Seasonal Precipitation Outlook
Several agro-meteorological stations across the country were used to make the seasonal precipitation forecast for the period August-September-October 2015 This was done by using the data set for the period 1979-June 2015, along with Global Models, Observations. Climate Predictability Tool (CPT) and Subjective Input.
The forecast is issued in the form of terciles probabilities of above normal, normal and below normal. The probabilities add up to 100%.
Above Normal - (33% of highest values in the dataset)
Near Normal - (33% of middle values in the dataset)
Below Normal - (33% of lowest values in the dataset)
Thus based on the dataset for 1979 to 2015, using the Climate Predictability Tool (CPT), along with Gobal Models as gusidance and Subjective input the forecast for Belize for period August -September-October2015 is going for Below Normal rainfall for the Entire Country, Except the South which is going for Normal Rainfall.
Precipitation Outlook for the period August-September-October 2015
Rainfall amounts that are expected across districts stations during ASO 2015 are as follows.
Accumulated rainfall totals for the ASO season are likely to range from 200mm to 800mm over northern (Corozal &Orange Walk), inland(Cayo & Belmopan) and central coastal areas Belize District).
Accumulated rainfall totals over southern Belize (Stann Creek and Toledo) are likely to be between 900 mm and 1800 mm.

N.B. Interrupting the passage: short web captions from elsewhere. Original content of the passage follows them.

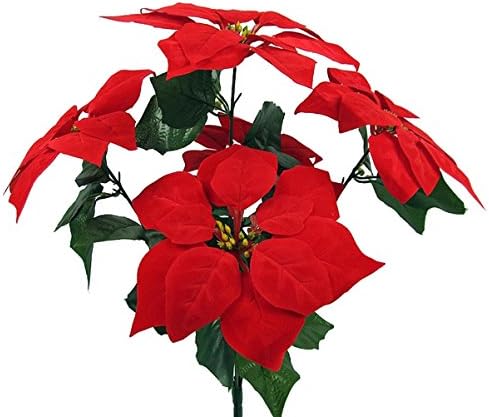 Artificial flowers Simulation Poinsettia Christmas decoration fake silk shelf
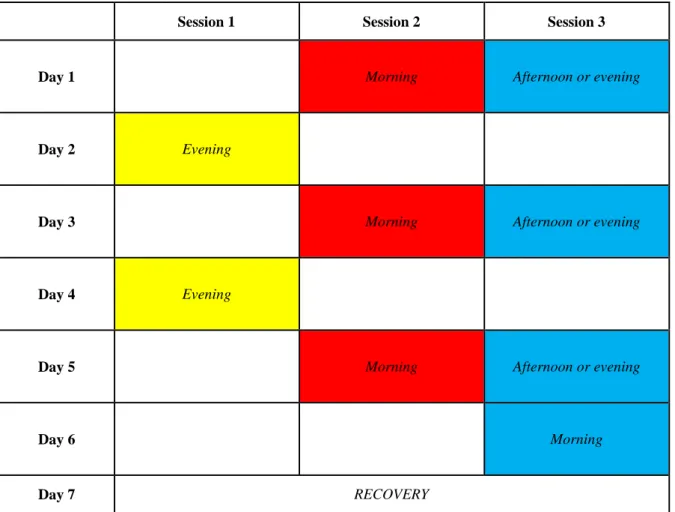 Table 4: Schematic representation of the training program of the week. 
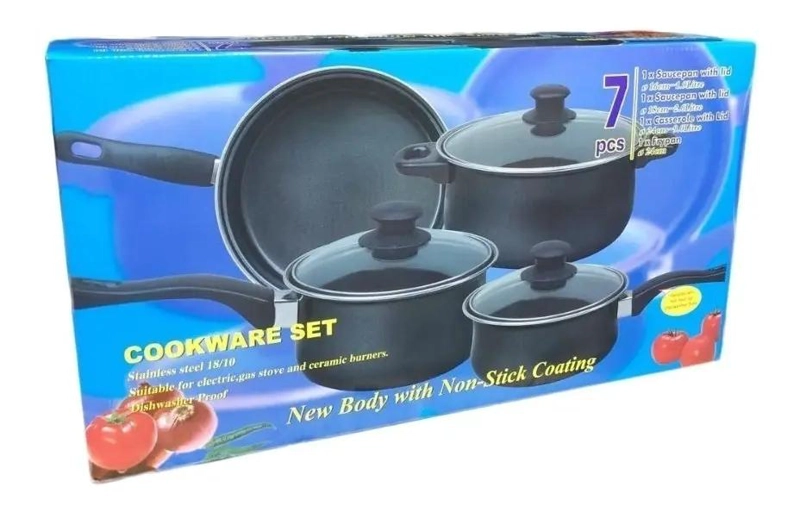 SET DE 7 PIEZAS DE OLLAS CON RECUBRIMIENTO ANTIADHERENTE PARA COCINA - 1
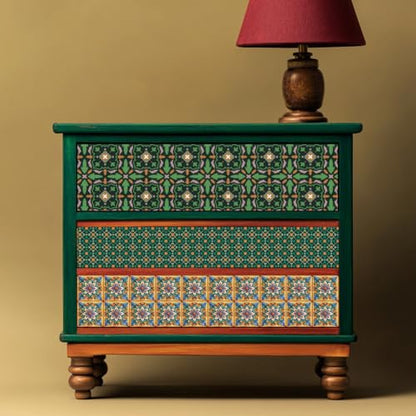 Peacoblue Marrakech Patterns Rub On Transfers for Furniture Craft 6"x12" - style: Marrakech Patterns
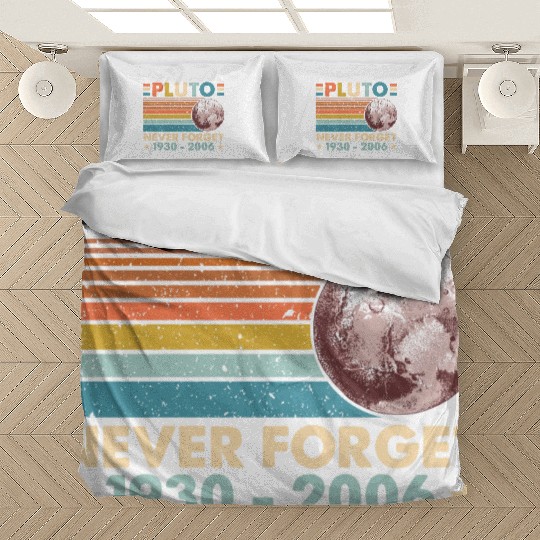 Pluto Never Forget Astronomy Space Science Nerd Bedding Sets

What influences the next season?
El Niño Southern Oscillation: A moderate El Niño exists ; sea-surface temperatures (SSTs) 1-1.5°C above average and rising in equatorial eastern Pacific (NINO3.4).
Model Guidance: More than 95% of the models indicate continued El Niño conditions for August-September-October and November-December2015-January 2016, with many suggesting further warming into a strong El Niño event by ASO and NDJ.
Forecast: 95% confidence in El Niño conditions during ASO and NDJ.
Expected impacts on rainfall and temperatures: a large shift to higher probabilities for below-normal rainfall and higher temperatures for the region, as El Niño usually weakens the development of rain-, thunder- and tropical storms. However, a shift towards above-normal rainfall is noted for the NW of the Caribbean during NDJ due to reduced winds in the upper atmosphere, which allows for stronger showers.
The information is provided with the understanding that The National Meteorology Service makes no warranties, either expressed or implied, concerning the accuracy, completeness, reliability, or suitability of the Outlook. The information may be used freely by the public with appropriate acknowledgement of its source, but shall not be modified in content and then presented as original material.